Chrome 19 released with tab syncing
Google has announced that Chrome 19 is the new stable version of its open source based web browser. As usual, the browser sees a number of security fixes: this time there are seven high-severity fixes specifically for Chrome including various use-after-free and out-of-bounds errors. Two fixes with a wider impact than Chrome are also mentioned – a workaround for a Linux NVIDIA driver bug and an "off-by-one out-of-bounds" write in libxml. In all, $7500 was paid out in rewards to security researchers, and Google notes it has also paid out $9000 to researchers to stamp out bugs before they reached its stable channel.
There is only one major new feature in Chrome 19: support for synchronising tabs between Chrome running on different systems signed in as the same Google user.

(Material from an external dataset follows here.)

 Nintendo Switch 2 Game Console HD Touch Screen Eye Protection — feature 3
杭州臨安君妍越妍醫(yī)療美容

To access the synchronised tabs, open a new tab and at the bottom of the new tab display is a menu item for "Other Devices" – selecting this displays the various devices and the tabs they have open. This tab synchronisation also works with the current Chrome Android Beta, offering an alternative to the Chrome2Phone extension as a way to exchange URLs between desktop and mobile Chrome. Although the functionality for tab synchronisation is already in the stable version, Google will only be gradually rolling out the supporting service over the next few weeks.

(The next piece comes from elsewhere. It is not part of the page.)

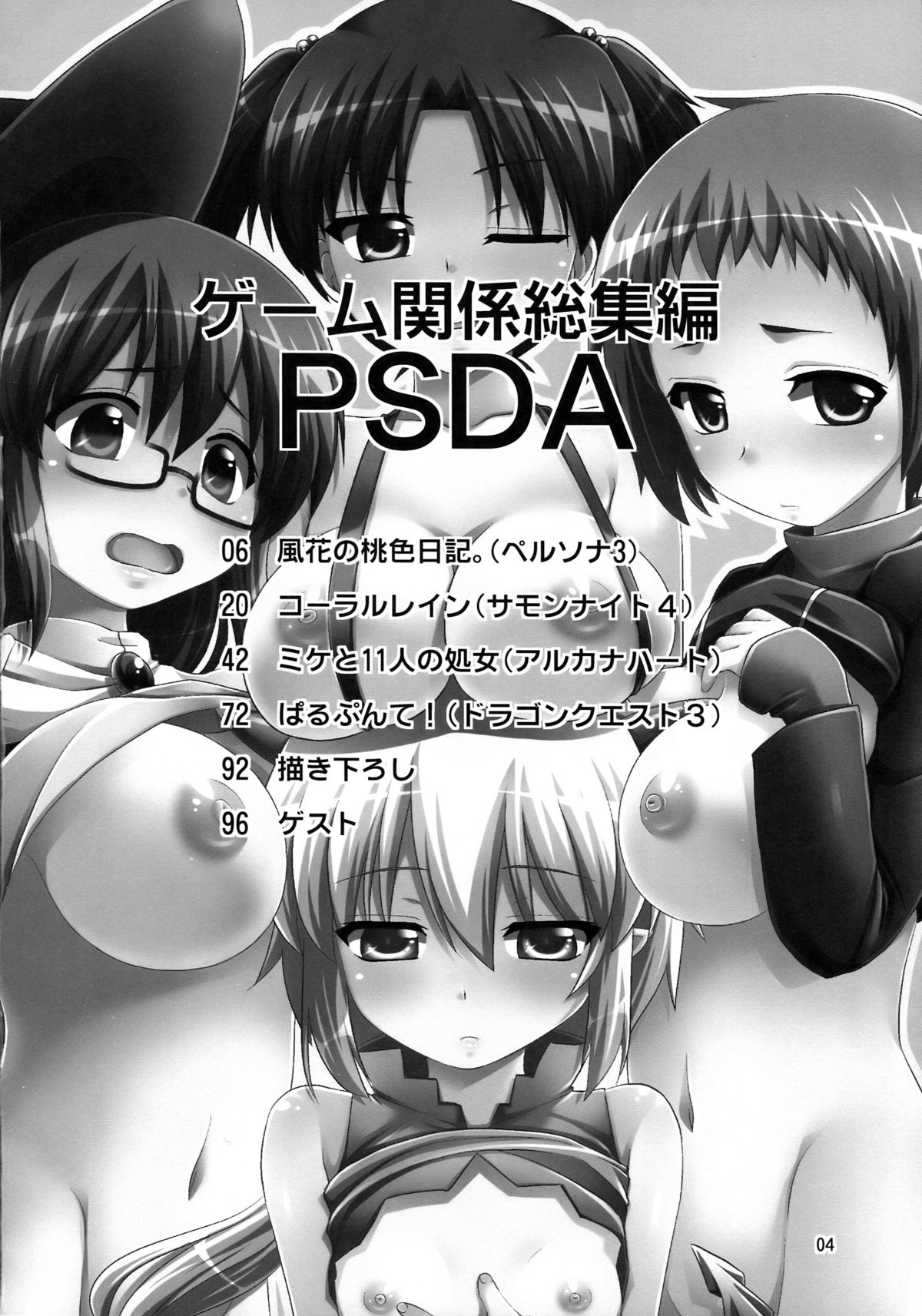 (サンクリ46) [真・聖堂☆本舗 (聖☆司)] PSDA (よろず)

Google has also included an experimental version of Web Intents in the new stable version of Chrome. Web Intents are designed as a mechanism to allow web applications to work together without having explicit knowledge of the other web applications. Google has been working with Mozilla and at the W3C to develop a specification for the process. Services can register Intents to handle particular tasks. When a web application wishes to perform one of these tasks, with Web Intents it can query the browser to find an appropriate service and then call on that.
The announcement explains that "it's impossible to build a complex API – especially one that requires an ecosystem of apps – without feedback from web developers using it in the wild". The developers expect there will be significant, possibly backwards-incompatible, changes in the API as they get feedback. The API is currently prefixed to stop it being confused with whatever the final version of the API is, and intents must be registered at the Chrome App Store. Web application developers interested in Web Intents can consult "Web Intents in Chrome".
Chrome 19 can be downloaded from Google's page for stable Chrome. Existing users of the Chrome stable channel should be automatically updated to the new version. Chrome is based on Google's open source browser Chromium.